# Required work:
The whole listing, exactly as given: write it out, leaving out each image.

# Input data:
*** Block opens ***
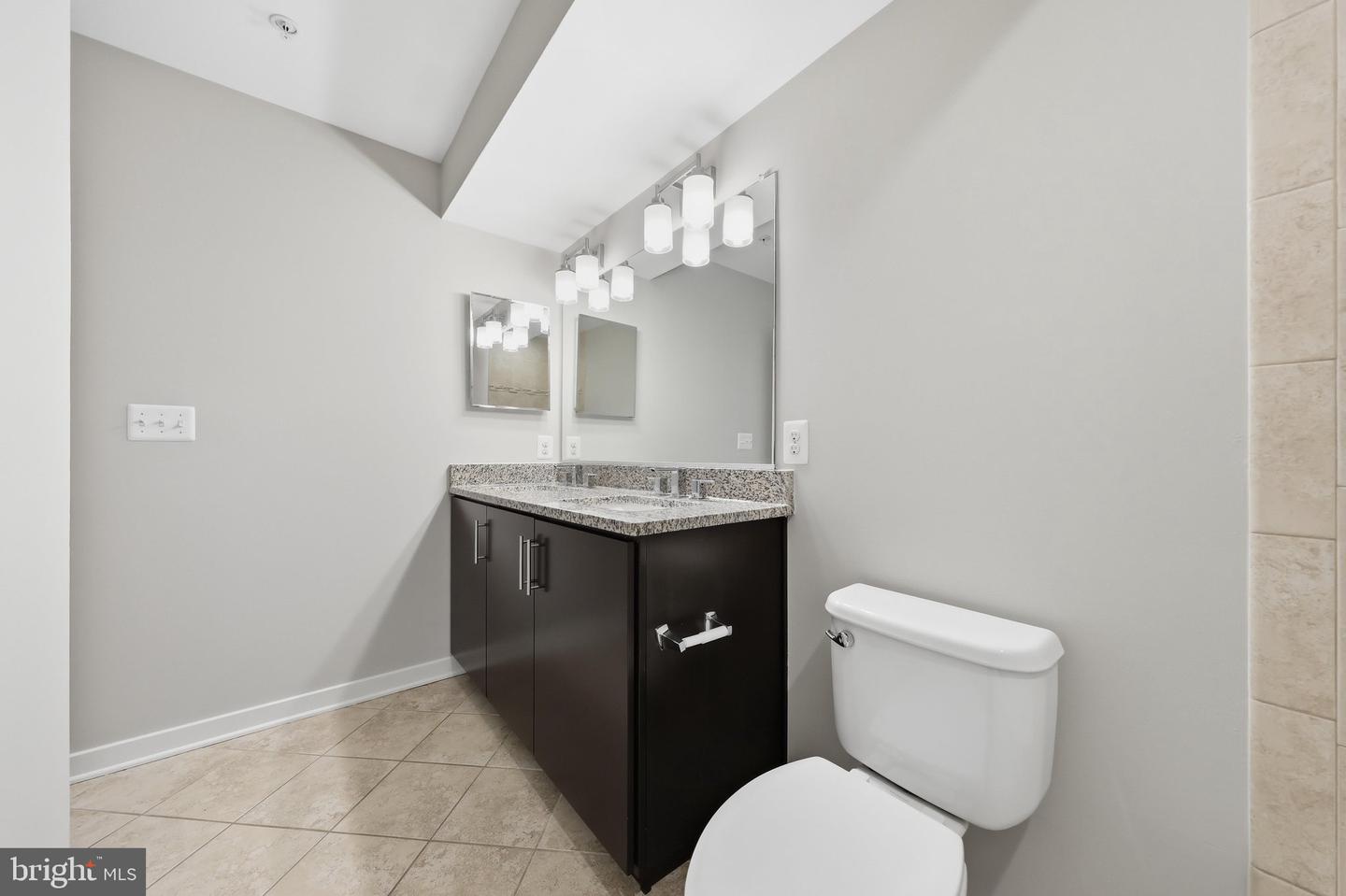 1402 Wheyfield Dr Property Photo 26
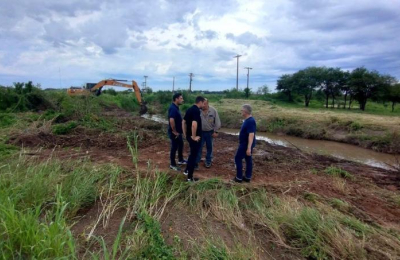 Ante la época de lluvias, intensifican limpieza de desagües en Sáenz Peña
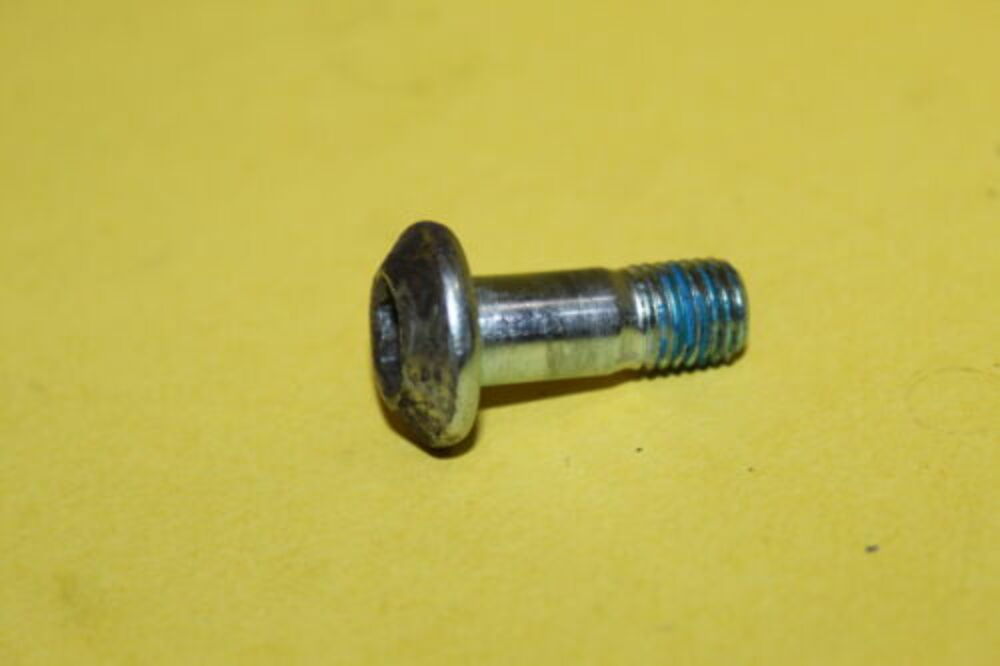 Yamaha 90111-10040-00 - BOLT HEX. SOCKET BUTTON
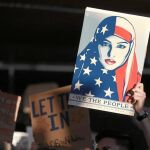Protestas en el aeropuerto de San Francisco, con la imagen que se ha convertido en icónica a favor de la inmigración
*** Block closes ***
# Expected answer:
 1402 Wheyfield Dr Property Photo 26
 Ante la época de lluvias, intensifican limpieza de desagües en Sáenz Peña
 Yamaha 90111-10040-00 - BOLT HEX. SOCKET BUTTON
Protestas en el aeropuerto de San Francisco, con la imagen que se ha convertido en icónica a favor de la inmigración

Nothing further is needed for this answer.